Neste sentido, méritos para o diretor, que adota uma abordagem inteligente, fazendo excelente uso narrativo de sua câmera, sempre inquieta e à procura do culpado por trás daqueles acontecimentos. Movimentos estranhos, mudanças bruscas de direção, imagens levemente desfocadas, ângulos inclinados; tudo contribui para intensificar o clima pesado do ambiente e causar desconforto no espectador, criando uma dinâmica de tensão bastante interessante.
Tal dinâmica se mantém coesa durante os dois primeiros atos. Enquanto o foco está mais no suspense e no mistério do que na ação propriamente dita, o longa se sustenta com eficiência. Há momentos em que somos forçados a duvidar até do próprio personagem principal, questionando sua integridade, tamanho envolvimento com a trama e com toda a paranoia presente na situação. Na virada do segundo para o terceiro e último ato, entretanto, a estrutura narrativa balança quando somos confrontados com as resoluções propostas pelo roteiro.
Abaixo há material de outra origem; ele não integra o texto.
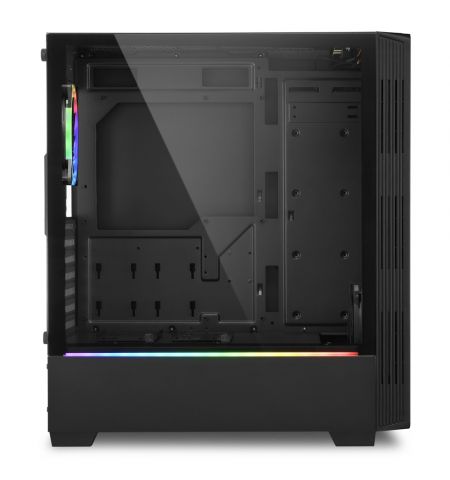 Корпус Sharkoon RGB LIT 200 / no PSU / Side panel / 1x120mm, 1x120mm A-RGB LED, 2xARGB LED Strip / ATX / Black Корпус Sharkoon RGB LIT 200 / no PSU / Side panel / 1x120mm, 1x120mm A-RGB LED, 2xARGB LED Strip / ATX / Black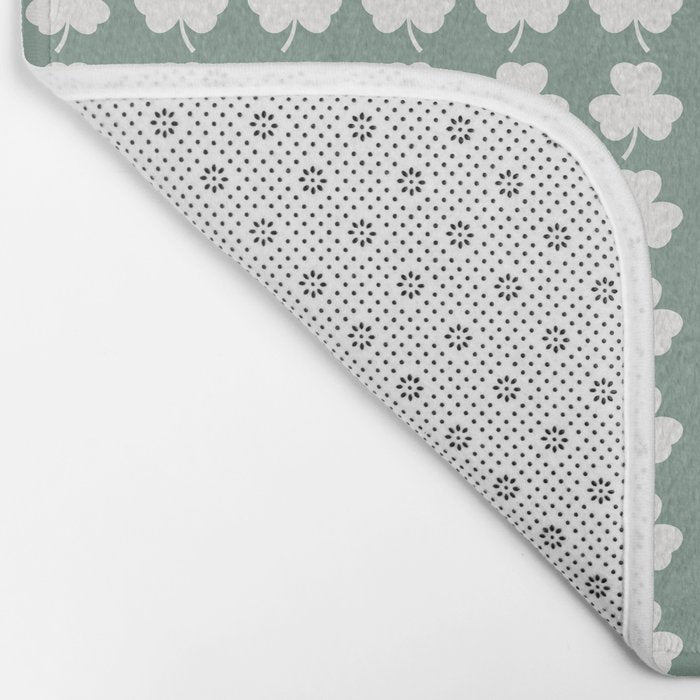 Clovers XXXIII Sage Green Botanical Pattern Bath Mat Gallery Image 2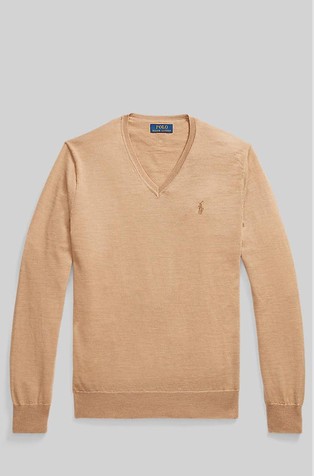 Slim fit pleten vuneni pulover s V-izrezom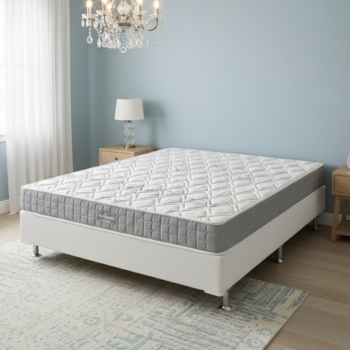 Colchão Casal Orthosono 18 cm D33 + Base Simples Corino Branco – ANJOS + BIOSTAR
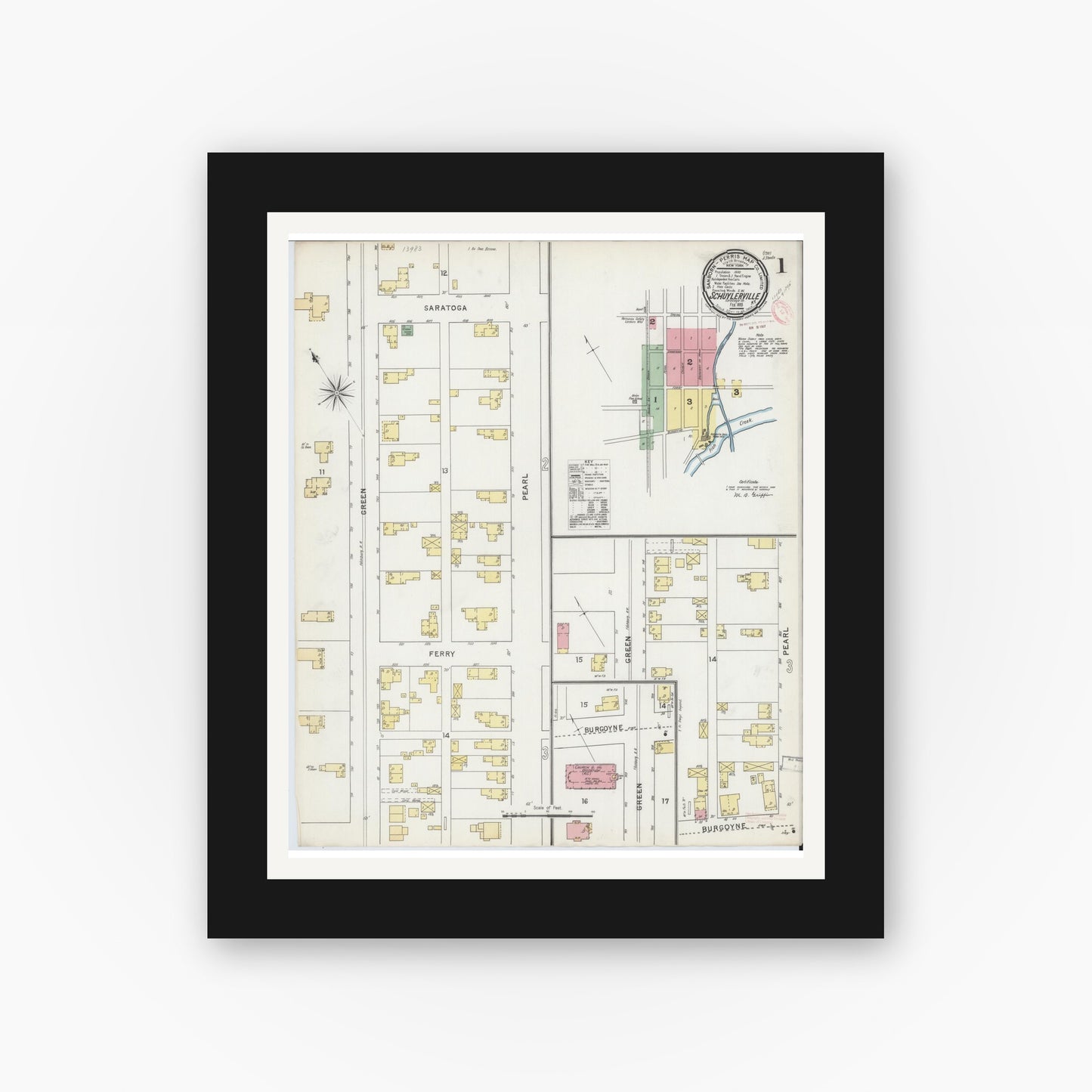 Old map wall art mockup — black gallery frame with white mat — Sanborn Fire Insurance Map from Schuylerville, Saratoga County, New York (1895) - Complete Map Set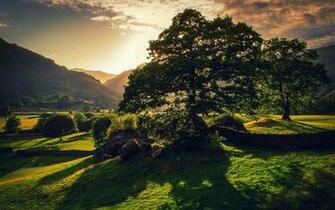 Beautiful Mountains In The Rays Of Rising HD Desktop Wallpaper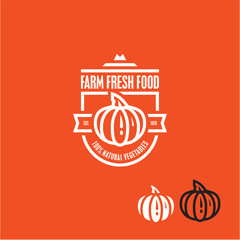 Pumpkin vector icon. Pumpkin vegetable label.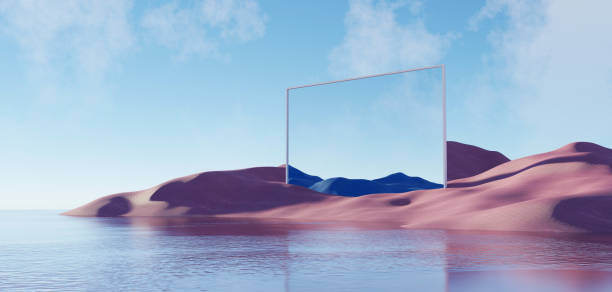 istock 3d Render, Abstract Surreal pastel landscape background with architecture and geometric, beautiful gradient sky scene, lake with clam water, minimal concept. 2099402332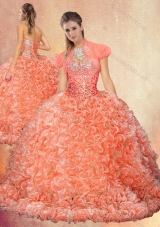 Perfect Brush Train Sweet 16 Dresses with Beading and Ruffles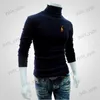 Men's Sweaters Spring Autumn Winter Cotton Cashmere High Elastic Fashion Long Sleeve Bottom Shirt Men's Casual Sports Turtleneck Quality Tops T240124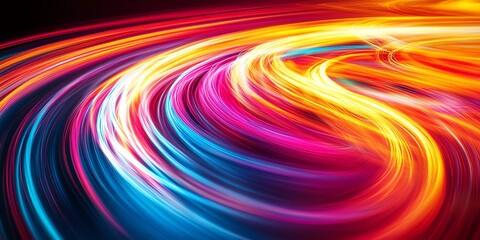 Obraz premium Vivid Colorful Light Trails Abstract Artwork with Bright Neon Swirls in Dark Background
Pouco criativas, tais escolhas mostram-se equivocadas à medida que surgem clichês sem a preparação adequada. Não necessariamente a resolução em si, mas a forma como ela é realizada. A crítica à política de segurança federal norte-americana, por exemplo, é extremamente válida, mas acaba soando vazia e artificial, uma vez que é explicitada de maneira grosseira e pouco elegante, quase como apenas para dar estofo a um filme que se apresentou como sendo puramente de ação/suspense, não parecendo disposto a propor, em nenhum outro instante das quase duas horas de projeção, um debate reflexivo maior acerca de tal tema.
Partindo de estereótipos na concepção de seus personagens e com resoluções questionáveis, mas feliz na construção de uma atmosfera tensa e instável que permeia quase toda a película, “Sem Escalas” é uma experiência interessante. Vale mais pelo suspense e mistério do que pela ação, e mais pelo carismático casal de atores protagonistas do que pelos indivíduos caricatos e de personalidades pouco marcantes que estes interpretam.